EXERCISE INPUT:

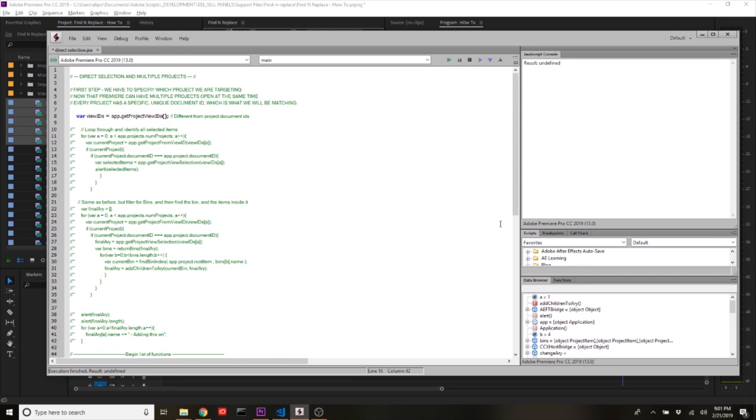Hey there everybody, my name is Eli with Premiere on Script dot com and thanks for stopping by for this video where I want to share with you information about accessing direct selection in Premiere's API.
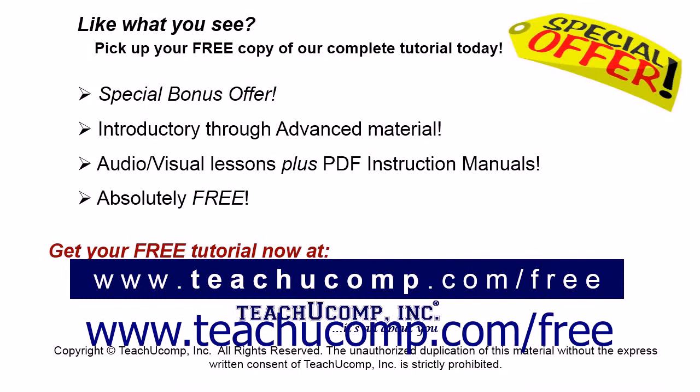Like what you see? Pick up your free copy of the complete tutorial at www.teachucomp.com forward slash free.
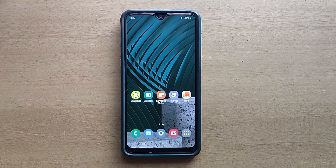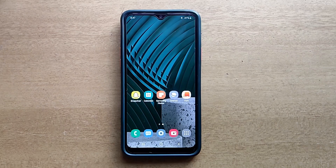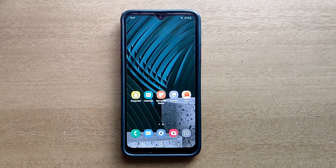Hello guys, welcome to ftopreview.com. In this video we are learning a very simple and quick tutorial of Samsung Galaxy Mobile. Please follow my steps to complete this tutorial.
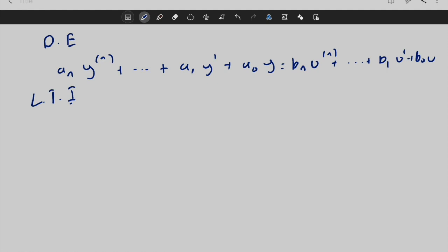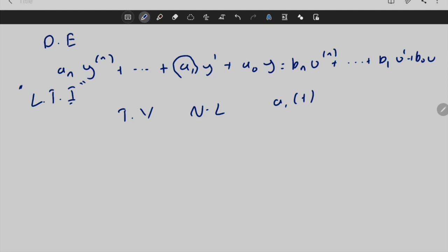The good thing about differential equations is you can represent LTI systems, but it is also very easy to extend to time-varying systems and nonlinear systems. To make a differential equation time-varying while preserving linearity, the coefficients become functions of time — for example, a_1(t) instead of a_1. To make it nonlinear, we can modify the output or input variable, for example replacing a_0 y with a_0 y², which breaks the linearity assumption. Differential equations are one of the most common and useful representations, and we will use them a lot in this course.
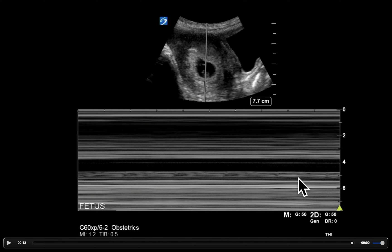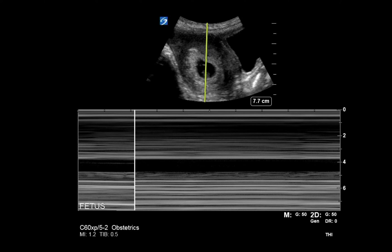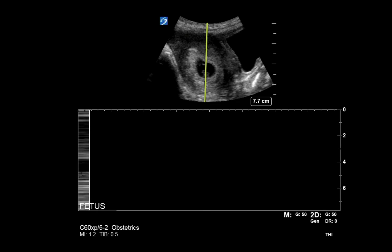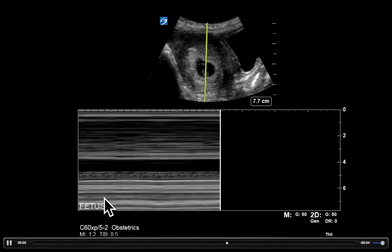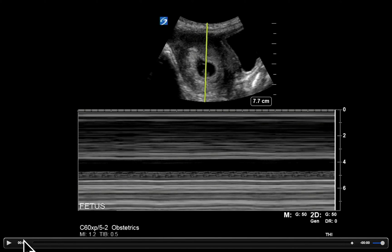I prefer to be at a slower sweep speed. This machine has three options: the first tracing was a medium sweep speed, that was a fast sweep speed and way too fast. Now we're going to see a slow sweep speed — we'll see it takes considerably longer to go across the screen. We freeze that and we can see these nice complexes; we can measure any of them just like in the original tracing to get the fetal heart rate. I prefer either a slow or medium sweep speed — fast does not work well for obtaining the fetal heart rate.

WHAT YOU SHOULD DO:
Give again, exactly, the lines from the start of the data through the one holding "Hello guys, welcome"; omit the pictures.

ANSWER FOR THIS EXERCISE:
Hey there everybody, my name is Eli with Premiere on Script dot com and thanks for stopping by for this video where I want to share with you information about accessing direct selection in Premiere's API.
Like what you see? Pick up your free copy of the complete tutorial at www.teachucomp.com forward slash free.
Hello guys, welcome to ftopreview.com. In this video we are learning a very simple and quick tutorial of Samsung Galaxy Mobile. Please follow my steps to complete this tutorial.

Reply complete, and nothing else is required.